_Task objective_: For this exercise, return only the lines in the records below from the one holding "a basket of" through the one holding "Corroded metal pipes", including both, exactly as they appear and without pictures.

_Supplied records_:
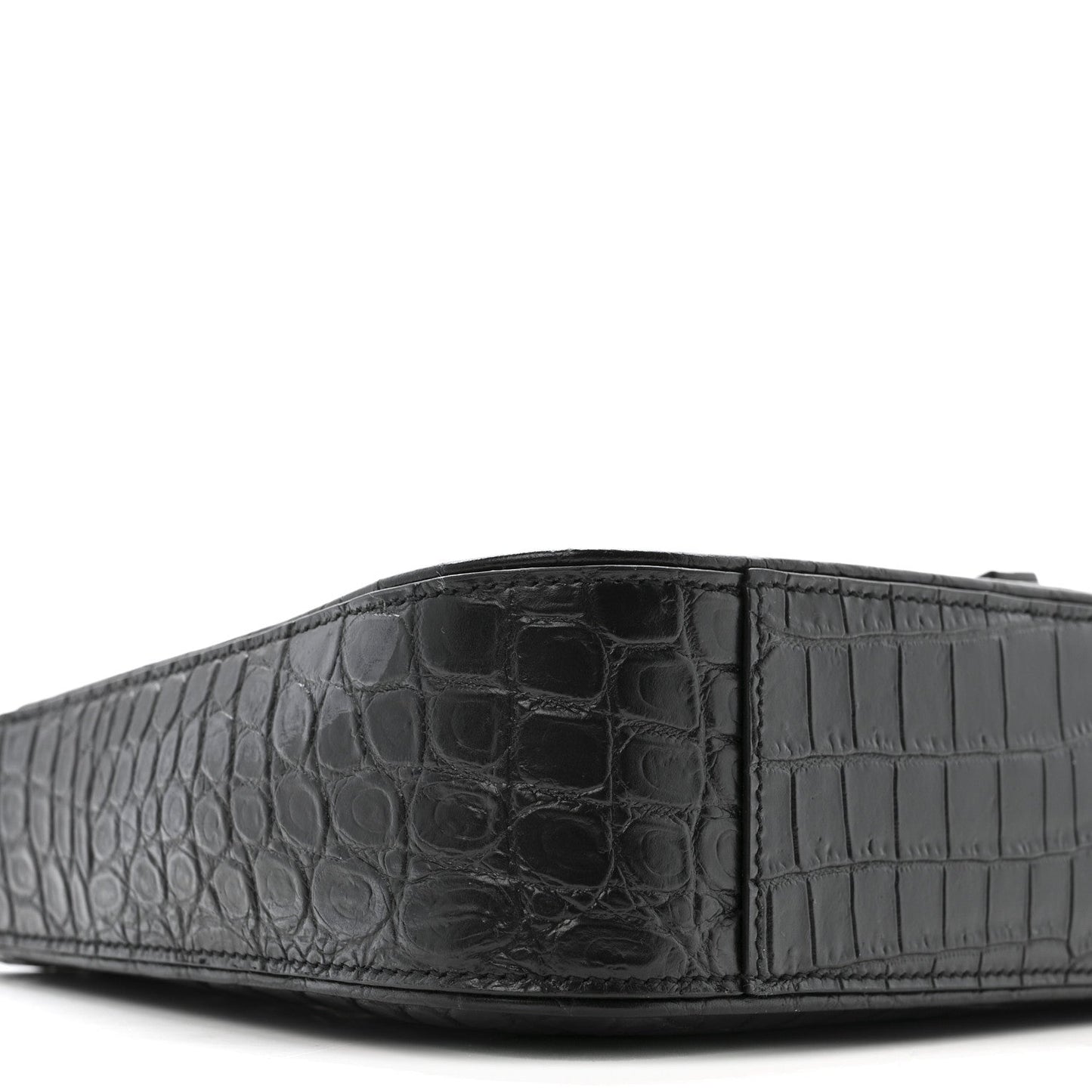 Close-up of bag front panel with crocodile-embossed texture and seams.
==
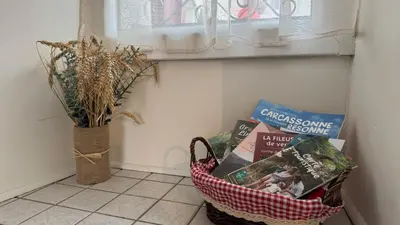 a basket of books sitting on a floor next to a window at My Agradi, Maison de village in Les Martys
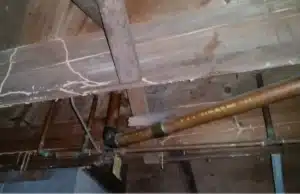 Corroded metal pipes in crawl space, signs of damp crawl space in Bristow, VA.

_Solution to this problem_:
 a basket of books sitting on a floor next to a window at My Agradi, Maison de village in Les Martys
 Corroded metal pipes in crawl space, signs of damp crawl space in Bristow, VA.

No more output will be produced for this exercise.